Regarding misaligned reads, IIRC only x86 hides non-aligned memory access. It's still slower than aligned reads. Other processors just fault, so it would make sense to do the same on riscv.
The problem is decades of software being written on a chip that from the outside appears not to care.
ARM Cortex-A cores also allow unaligned access (MCU cores don't though, and older ARM is weird). There's perhaps a hint if the two most popular CPU architectures have ended up in the forgiving approach to unaligned access, rather than the penalising approach of raising an interrupt.
Yes, unaligned loads/stores are a niche feature that has huge implications in processor design - loads across cache-lines with different residency, pages that fault etc.
This is the classic conundrum of legacy system redesign - if customers keep demanding every feature of the old system be present, and work the exact same then the new system will take on the baggage it was designed to get rid of.
The new implementation will be slow and buggy by this standard and nobody will use it.
Unaligned load/store is crucial for zero-copy handling of mmaped data, network streams and all other kinds of space-optimized data structures.
If the CPU doesn't do it software must make many tiny conditional copies which is bad for branch prediction.
This sucks double when you have variable length vector operations... IMO fast unaligned memory accesses should have been mandatory without exceptions for all application-level profiles and everything with vector.
I think you can do this fairly efficiently with SSE for x86 - SSE/AVX has shift and shuffle. Encoding/Decoding packed data might even be faster this way.

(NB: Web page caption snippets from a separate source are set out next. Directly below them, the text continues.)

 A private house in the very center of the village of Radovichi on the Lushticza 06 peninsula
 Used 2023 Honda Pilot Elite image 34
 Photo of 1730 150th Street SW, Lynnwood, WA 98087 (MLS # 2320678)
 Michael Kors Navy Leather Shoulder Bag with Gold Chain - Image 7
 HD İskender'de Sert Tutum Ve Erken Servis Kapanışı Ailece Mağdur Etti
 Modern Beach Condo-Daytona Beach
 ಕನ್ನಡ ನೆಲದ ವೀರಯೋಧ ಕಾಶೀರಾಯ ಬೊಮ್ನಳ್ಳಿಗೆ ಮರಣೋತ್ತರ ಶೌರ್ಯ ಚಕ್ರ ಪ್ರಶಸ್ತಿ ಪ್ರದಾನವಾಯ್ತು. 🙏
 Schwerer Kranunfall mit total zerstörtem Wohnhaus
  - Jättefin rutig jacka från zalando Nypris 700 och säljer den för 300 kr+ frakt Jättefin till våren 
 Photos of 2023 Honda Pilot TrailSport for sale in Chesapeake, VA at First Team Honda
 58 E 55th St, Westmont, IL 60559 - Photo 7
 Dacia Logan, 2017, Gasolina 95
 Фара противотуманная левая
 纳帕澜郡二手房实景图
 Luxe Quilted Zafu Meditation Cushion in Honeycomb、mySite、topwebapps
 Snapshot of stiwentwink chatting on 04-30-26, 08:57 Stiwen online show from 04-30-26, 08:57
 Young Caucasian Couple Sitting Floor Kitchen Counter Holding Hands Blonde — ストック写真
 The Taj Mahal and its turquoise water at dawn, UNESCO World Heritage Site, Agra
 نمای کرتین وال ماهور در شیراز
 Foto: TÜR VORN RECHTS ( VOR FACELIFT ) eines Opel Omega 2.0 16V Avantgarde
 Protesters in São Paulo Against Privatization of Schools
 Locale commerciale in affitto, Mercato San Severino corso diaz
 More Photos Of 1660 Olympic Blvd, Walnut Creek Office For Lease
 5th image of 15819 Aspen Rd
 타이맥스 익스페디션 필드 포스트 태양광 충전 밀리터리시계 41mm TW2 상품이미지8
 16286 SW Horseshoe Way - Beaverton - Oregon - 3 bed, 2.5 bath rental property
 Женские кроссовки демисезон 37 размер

I'm not familiar with RISC-V but from what I've seen here, they're also trying to solve this similarly with vector or bit extraction instructions.
Yes because unaligned load is no problem with SSE/AVX. On my RISC-V OrangePi unaligned vector loads beyond byte-granularity fault so you have to take extra care.
AVX shift and shuffle is mostly limited to 128 bits unfortunately for historical reasons (even for 256-bit instructions) and hardware support for AVX512/AVX10 where they fixed that is a complete mess so it's hard to rely on when you care about backwards compatibility for consumer devices, e.g. in game development.
RISC-V vector has excellent mask/shuffle/permute but the performance in real silicon can be... questionable. See the timings for vrgather here for example: https://camel-cdr.github.io/rvv-bench-results/spacemit_a100/...
For working with packed data structures where fields are irregular/non-predictable/dependent on previous fields etc. unaligned load/store is a godsend. Last time I worked on a custom DB engine that used these patterns the generated x86 code was so much nicer than the one for our embedded ARM cores.
On modern CPUs, it used not to be something to care about in the past across 8, 16, 32 bit generations, outside RISC.
PDP-11, m68k – to name a few, did not allow misaligned access to anything that was not a byte.
Neither are RISC nor modern.
In regards to 68000 I don't remember, only used it during demoscene coding parties when allowed to touch Amiga from my friends.
I have only seen PDP-11 Assembly snippets in UNIX related books, wasn't aware of its alignment requirements.
PDP-11 was a major source of inspiration for m68k architecture designers. The influence can be seen in multiple places, starting from the orthogonal ISA design down to instruction mnemonics.
It is quite likely that not allowing the misaligned access was also influenced by PDP-11.